The paid vs ad-supported apps experiment

A few days ago I exchanged a series of interesting e-mails with the mighty Gargaj from Conspiracy, and others. He asked me about my experience developing Android apps and what it was like with free vs paid apps, etc.

It seems some of his friends in Hungary (where he lives) are considering starting with Android development, but are unable to accept payments due to the usual Google-Checkout-is-not-available-in-your-country-yet issue, so their only solution for the time being is to use in-app ads (excluding alternative, non-Google run markets, I guess).

This prompted me to re-consider my current approach to apps. Until now I had only released either free apps with no ads (but which were also a little silly/experimental) and paid apps without its free/ad-supported counterpart.

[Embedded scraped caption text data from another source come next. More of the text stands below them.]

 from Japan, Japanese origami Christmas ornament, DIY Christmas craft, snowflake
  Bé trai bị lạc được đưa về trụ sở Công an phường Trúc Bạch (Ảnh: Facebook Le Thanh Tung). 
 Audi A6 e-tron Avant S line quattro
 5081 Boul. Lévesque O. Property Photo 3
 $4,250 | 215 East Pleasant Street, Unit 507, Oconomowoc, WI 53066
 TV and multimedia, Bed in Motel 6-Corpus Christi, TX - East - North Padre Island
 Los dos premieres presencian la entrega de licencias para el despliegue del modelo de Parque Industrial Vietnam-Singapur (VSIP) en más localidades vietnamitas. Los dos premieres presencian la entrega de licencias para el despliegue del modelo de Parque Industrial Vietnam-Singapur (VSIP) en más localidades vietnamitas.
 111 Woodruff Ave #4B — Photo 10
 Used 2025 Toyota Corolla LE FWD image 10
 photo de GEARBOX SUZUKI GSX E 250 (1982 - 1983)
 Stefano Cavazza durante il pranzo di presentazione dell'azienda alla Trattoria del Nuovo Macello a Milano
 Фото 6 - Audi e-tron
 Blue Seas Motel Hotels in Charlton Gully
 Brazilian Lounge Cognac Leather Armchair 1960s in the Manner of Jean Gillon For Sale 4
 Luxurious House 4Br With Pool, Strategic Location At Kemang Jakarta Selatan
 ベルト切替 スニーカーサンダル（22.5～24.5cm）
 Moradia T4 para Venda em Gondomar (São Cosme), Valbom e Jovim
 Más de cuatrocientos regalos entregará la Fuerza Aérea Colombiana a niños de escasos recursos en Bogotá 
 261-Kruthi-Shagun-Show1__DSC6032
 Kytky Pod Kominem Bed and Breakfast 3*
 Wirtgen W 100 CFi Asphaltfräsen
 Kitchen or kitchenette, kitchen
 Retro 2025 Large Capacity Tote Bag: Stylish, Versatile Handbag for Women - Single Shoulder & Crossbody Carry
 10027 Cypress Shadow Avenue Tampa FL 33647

Also, people said that in order to earn nauseating amounts of money and thus get indecently rich with Android I had to provide a free/ad-supported version of my paid apps--something that I refused to do because the ads just didn't look good in those apps, and the apps were cheap enough that not buying them was a miserable excuse (in every sense of the word).

However, and back to Hungary and other countries without Google Checkout---at the same time they cannot sell paid apps, they cannot buy them either. So you've got a sizeable chunk of the market who simply cannot access your apps, even if they wanted to (for reference, the list of countries where you can sell apps is here).

So since I had an application "in the works" that might work with ads in it, I decided to run a little experiment with it: I would release two versions of the app, one free (with ads) and another one paid (without ads, obviously). And let's see what happens!

The application is GPS Capture, and I already wrote about it a few months ago. I programmed this app because I needed some sample location data, and My Tracks wasn't good enough for my requirements, which actually included getting bad data. So GPS Capture does all that I need --and nothing else. It might be useful for programmers and also for GPS/location freaks. The sort of people who know of the existance of this stackexchange subdomain.

This experiment/miniproject has also allowed me to learn about Library projects in Android, which I hadn't used yet. This enables me to have a library with the core functionality, and then two projects which depend on that library (the Free and Pro applications respectively), without having to do symbolic links at filesystem level, performing git/svn voodoo and etc.

I had switched back to Eclipse because I thought the latest version of Eclipse+ADT would be awesome and furthermore IntelliJ wouldn't work with Library Projects but turns out I was wrong. And I am so going back to IntelliJ; Eclipse is still such an embarrassingly awful drunk mammoth that I don't even know where to start pointing at. So I won't. I'll direct you again to my app page and let the strange ways of fate and randomness decide what is in store for my apps, so to say.